Mit Neuschnee und Wind entstehen vor allem im Hochgebirge Triebschneeansammlungen. Die feuchten Lawinen können an sehr steilen Hängen spontan abgehen und vereinzelt mittlere Größe erreichen. Mit der Erwärmung steigt die Lawinengefahr an.

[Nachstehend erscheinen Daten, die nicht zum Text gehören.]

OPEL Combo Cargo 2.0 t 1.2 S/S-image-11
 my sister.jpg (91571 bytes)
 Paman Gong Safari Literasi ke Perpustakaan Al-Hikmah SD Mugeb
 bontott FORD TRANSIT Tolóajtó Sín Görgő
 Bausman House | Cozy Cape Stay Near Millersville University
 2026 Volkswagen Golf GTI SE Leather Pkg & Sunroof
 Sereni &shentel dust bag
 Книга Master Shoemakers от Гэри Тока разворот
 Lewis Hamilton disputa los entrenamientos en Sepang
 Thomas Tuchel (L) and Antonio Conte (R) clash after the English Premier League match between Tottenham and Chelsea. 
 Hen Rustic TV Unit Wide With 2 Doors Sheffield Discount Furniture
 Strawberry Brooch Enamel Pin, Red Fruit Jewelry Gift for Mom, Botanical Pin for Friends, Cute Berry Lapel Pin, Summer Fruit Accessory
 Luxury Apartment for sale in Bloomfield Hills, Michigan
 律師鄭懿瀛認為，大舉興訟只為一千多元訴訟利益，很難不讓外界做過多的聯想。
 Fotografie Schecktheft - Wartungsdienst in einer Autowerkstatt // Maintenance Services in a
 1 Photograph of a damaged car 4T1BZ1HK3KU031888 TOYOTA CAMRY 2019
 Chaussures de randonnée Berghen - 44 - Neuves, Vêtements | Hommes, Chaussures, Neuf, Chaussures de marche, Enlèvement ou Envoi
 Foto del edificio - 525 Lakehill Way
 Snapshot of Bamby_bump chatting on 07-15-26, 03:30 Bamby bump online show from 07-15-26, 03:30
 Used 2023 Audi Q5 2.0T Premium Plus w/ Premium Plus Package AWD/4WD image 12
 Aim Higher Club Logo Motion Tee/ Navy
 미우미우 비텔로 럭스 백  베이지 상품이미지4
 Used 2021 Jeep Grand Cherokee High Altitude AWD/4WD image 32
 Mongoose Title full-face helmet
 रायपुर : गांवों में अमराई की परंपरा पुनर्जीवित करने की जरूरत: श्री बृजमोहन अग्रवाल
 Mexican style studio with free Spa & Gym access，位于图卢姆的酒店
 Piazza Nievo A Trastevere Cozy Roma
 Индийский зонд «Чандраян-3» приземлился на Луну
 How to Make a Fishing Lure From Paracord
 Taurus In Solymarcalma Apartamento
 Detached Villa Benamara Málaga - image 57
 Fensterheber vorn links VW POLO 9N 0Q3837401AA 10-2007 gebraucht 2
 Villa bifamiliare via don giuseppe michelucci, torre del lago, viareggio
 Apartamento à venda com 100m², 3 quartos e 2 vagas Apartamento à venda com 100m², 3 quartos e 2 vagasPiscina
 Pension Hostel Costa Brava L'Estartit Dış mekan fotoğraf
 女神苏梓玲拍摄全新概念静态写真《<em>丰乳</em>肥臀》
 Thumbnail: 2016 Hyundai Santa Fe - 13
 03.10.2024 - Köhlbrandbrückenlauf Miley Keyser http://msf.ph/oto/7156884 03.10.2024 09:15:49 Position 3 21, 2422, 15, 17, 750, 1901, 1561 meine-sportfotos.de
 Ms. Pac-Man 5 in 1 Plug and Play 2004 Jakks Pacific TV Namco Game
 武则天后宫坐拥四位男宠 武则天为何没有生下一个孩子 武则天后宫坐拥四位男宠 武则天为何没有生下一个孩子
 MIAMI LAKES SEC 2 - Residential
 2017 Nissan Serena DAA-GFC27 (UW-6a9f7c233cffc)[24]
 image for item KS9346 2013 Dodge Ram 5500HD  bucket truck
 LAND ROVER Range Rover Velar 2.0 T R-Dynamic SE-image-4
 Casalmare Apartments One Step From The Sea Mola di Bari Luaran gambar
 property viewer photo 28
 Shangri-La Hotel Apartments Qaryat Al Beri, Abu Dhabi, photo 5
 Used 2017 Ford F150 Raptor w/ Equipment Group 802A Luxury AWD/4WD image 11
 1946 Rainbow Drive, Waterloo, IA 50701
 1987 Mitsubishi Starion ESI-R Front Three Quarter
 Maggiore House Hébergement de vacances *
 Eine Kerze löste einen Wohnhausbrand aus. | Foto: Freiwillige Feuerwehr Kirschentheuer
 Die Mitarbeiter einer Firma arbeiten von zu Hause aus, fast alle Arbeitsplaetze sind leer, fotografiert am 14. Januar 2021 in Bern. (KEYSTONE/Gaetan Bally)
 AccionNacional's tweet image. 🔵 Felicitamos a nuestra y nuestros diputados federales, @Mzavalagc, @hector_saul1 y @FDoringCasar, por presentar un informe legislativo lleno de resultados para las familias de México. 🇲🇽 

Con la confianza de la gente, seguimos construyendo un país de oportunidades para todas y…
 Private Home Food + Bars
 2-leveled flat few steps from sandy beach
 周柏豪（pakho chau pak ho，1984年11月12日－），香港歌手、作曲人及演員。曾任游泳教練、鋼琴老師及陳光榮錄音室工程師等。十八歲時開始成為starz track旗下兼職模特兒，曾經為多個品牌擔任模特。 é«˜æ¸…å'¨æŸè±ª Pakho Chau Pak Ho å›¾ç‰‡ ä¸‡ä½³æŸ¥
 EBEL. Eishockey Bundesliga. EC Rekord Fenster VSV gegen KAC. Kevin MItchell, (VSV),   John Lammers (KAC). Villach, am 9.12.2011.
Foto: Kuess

Einzelne Gefahrenstellen liegen an sehr steilen Schattenhängen oberhalb von rund 2500 m. Lawinen können mit meist großer Belastung ausgelöst werden und mittlere Größe erreichen. Diese können sehr vereinzelt bis auf den Boden durchreißen und groß werden.
Schneedecke
gm.10: frühjahrssituation
gm.1: bodennahe schwachschicht
Die Schneeoberfläche gefriert nur knapp und weicht rasch auf. Es fallen gebietsweise oberhalb von rund 2400 m 5 bis 15 cm Schnee. Die frühlingshaften Wetterbedingungen führen unterhalb von rund 2800 m zu einer raschen Anfeuchtung der Schneedecke.
Steile West-, Nord- und Osthänge oberhalb von rund 2500 m: Im unteren Teil der Altschneedecke sind kantig aufgebaute Schwachschichten vorhanden.
Tendenz
Tagesverlauf: Die Lawinengefahr steigt innerhalb der Gefahrenstufe an.